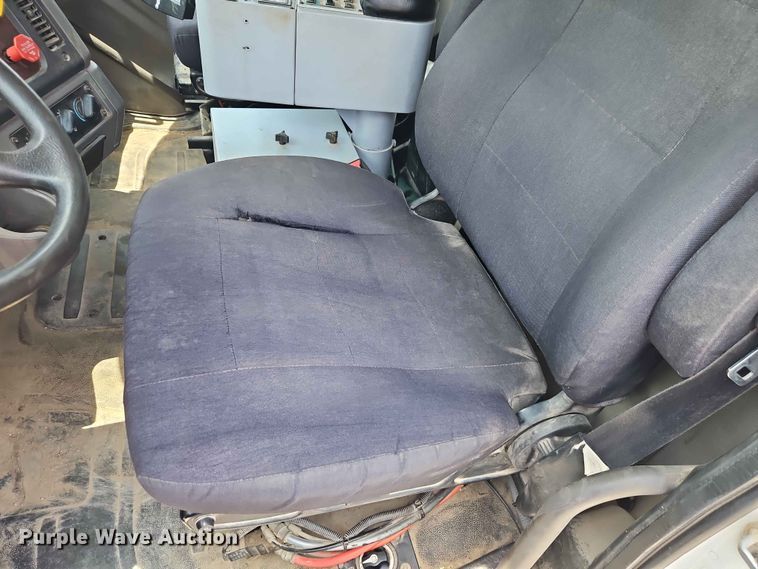image for item EO7465 2018 Freightliner 108SD 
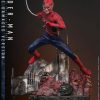 spiderman battle damage hot toys saltando con diorama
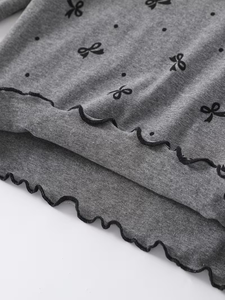 เสื้อยืดลายจุดผูกโบว์สไตล์ลำลองสุดเท่จาก Naughty Beibei คอลเลคชั่นเสื้อตัวใน ผลิตในบังกลาเทศ - Product Image 4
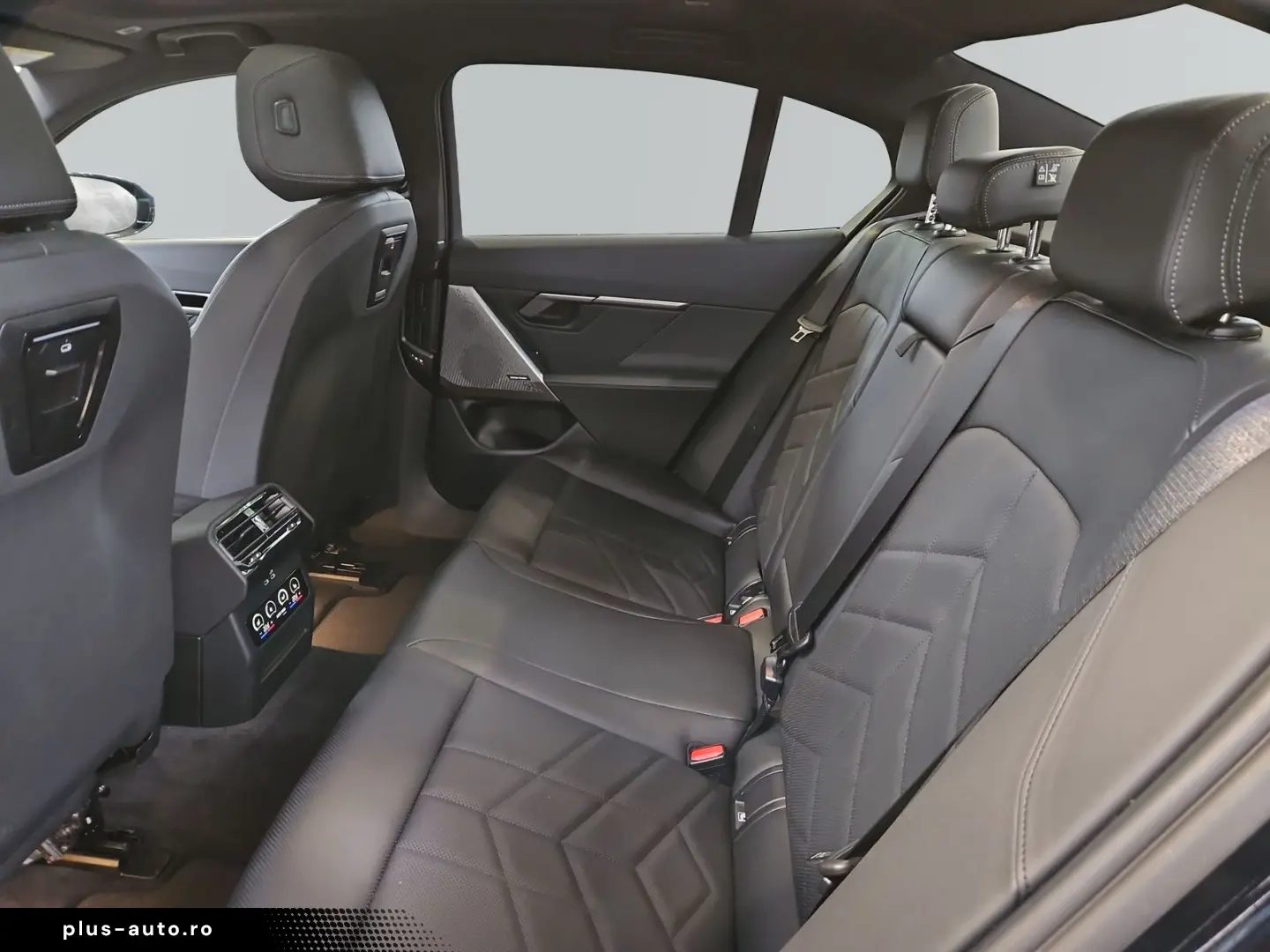 540d xDrive Lim. 748€ netto mtl. M Sport Panoram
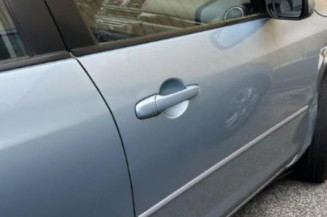 Arret de porte avant gauche MAZDA 3 1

————

■ Work instructions
Line by line, print the records above exactly, skipping each picture.

■ Solution to this task
image for item EO7465 2018 Freightliner 108SD 
 spiderman battle damage hot toys saltando con diorama
 เสื้อยืดลายจุดผูกโบว์สไตล์ลำลองสุดเท่จาก Naughty Beibei คอลเลคชั่นเสื้อตัวใน ผลิตในบังกลาเทศ - Product Image 4
 540d xDrive Lim. 748€ netto mtl. M Sport Panoram
 Arret de porte avant gauche MAZDA 3 1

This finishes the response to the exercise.